Miranda Priestly (Meryl Streep) is the perfect representation of the boss from hell. She ignores her employees, intentionally gets their names wrong, and verbally tears them apart, all because she feels like she can. The hostile work environment for her employees is toxic, mentally draining, and manipulative.
Though she doesn’t directly berate her co-worker Nigel (Stanley Tucci), she does, in fact, make it a point to purposefully destroy the mental psyche and personal life of her young female counterparts. Whether you work in fashion, at an editorial publication, in sales, technology, or advertisements, The Devil Wears Prada 2 is more needed now than ever before. Here’s why it should happen.
Represents Today’s Work Place Problems
The Devil Wears Prada tells the story through the lens of Andy (Anne Hathaway), a recent college graduate of Northwestern University, who struggles to land her dream job in journalism. As Andy lands an unexpected position in the fashion industry, she must work as co-assistant to the influential editor-in-chief of Runway magazine, Miranda Priestly. Though Andy initially feels disconnected from the job due to her uninterested in the superficial lifestyle associated with the fashion industry, she dives headfirst into the position. She wants to prove that she can successfully complete the job, in a need to dismantle the notion of being a quitter and open doors to future employers.
Realistically, most adults today who are ambitious in their future job pursuits either stay at jobs they have negative experiences or don’t have their hearts invested in because they’re not happy. Instead, they resume their positions out of a combination of proving to themselves they can actually complete tasks, as well as avoiding possible financial burdens.

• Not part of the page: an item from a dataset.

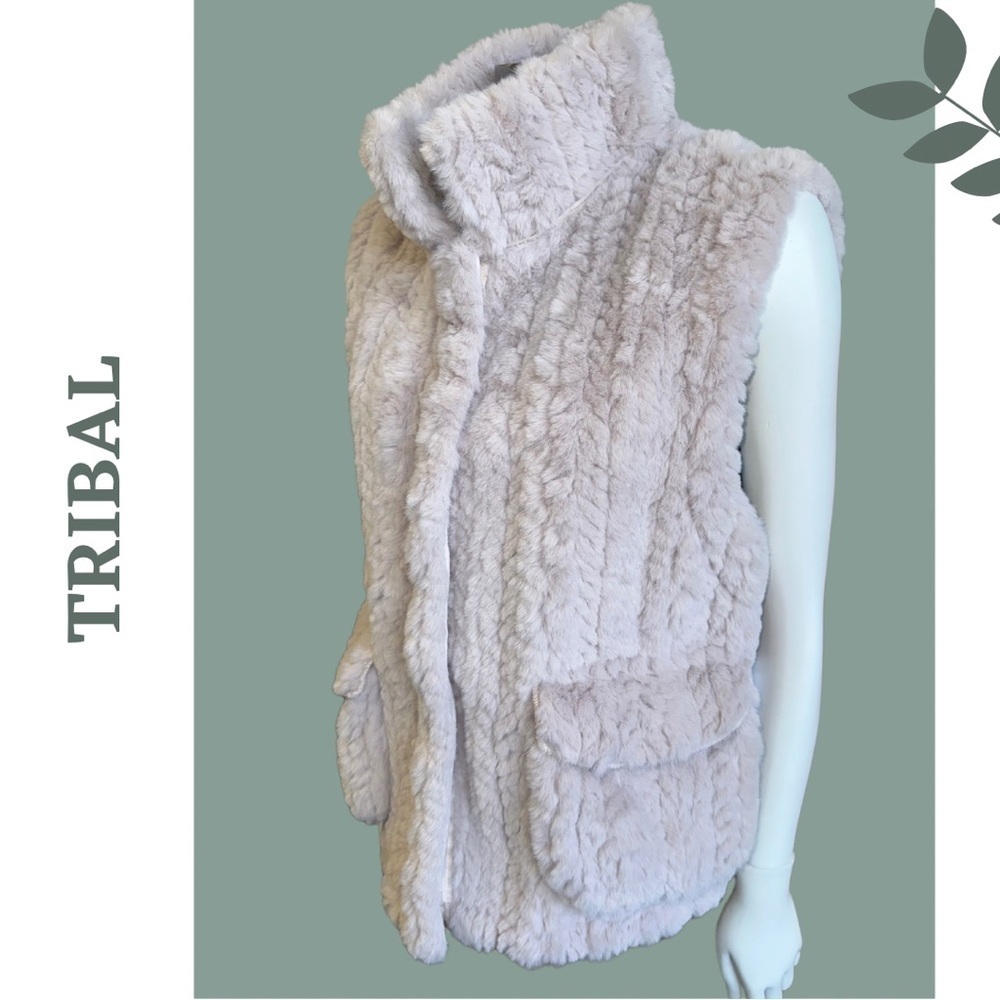 Tribal Faux Fur Vest Large Pink Plush Layering Jacket - Picture 7 of 13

Personal Sacrifices Go Beyond the Norm
The high amounts of sacrifice that go into working at a high-pressure job are limitless. As the decline of having a social life fades far away, along with giving up on the possibility of setting aside time for yourself, work becomes the only way of life. Going beyond the nine to five work schedule, missing family events, social gatherings among friends, and date nights are all sacrifices that Andy had to make as she decided to stay on as Miranda’s second assistant. It gets to the point where Andy and her then-boyfriend Nate (Adrian Grenier) end up parting ways because he feels like she’s changed who she was through her makeover to be accepted by her co-workers.
A possible sequel to The Devil Wears Prada is arguably much needed, especially in this landscape where newly released films are accessible through the single click of a smart remote. More importantly, possessing the ability to illustrate what it’s like for a twenty-something-year-old guy or girl struggling to stay afloat in the excessively large melting pot of New York City is an evident representation of what the world currently looks like today.
Facing extreme uncertainty, the workforce has transitioned into a fast-paced and intricate atmosphere. The fact is, bosses are people just like everyone else and tied into the various physical, mental and social constraints (as a result of a tough two years), the preconceived label of having a traditionally mean or malicious authority figure is heightened now than ever before.
Working in the midst of a global pandemic, as a result of being secluded during quarantine, has placed a strain on everyone in different ways. As a little over half the population transitioned from in-office workdays to work-from-home settings, the series of uncontrollable events that led to these changes has significantly impacted everyone.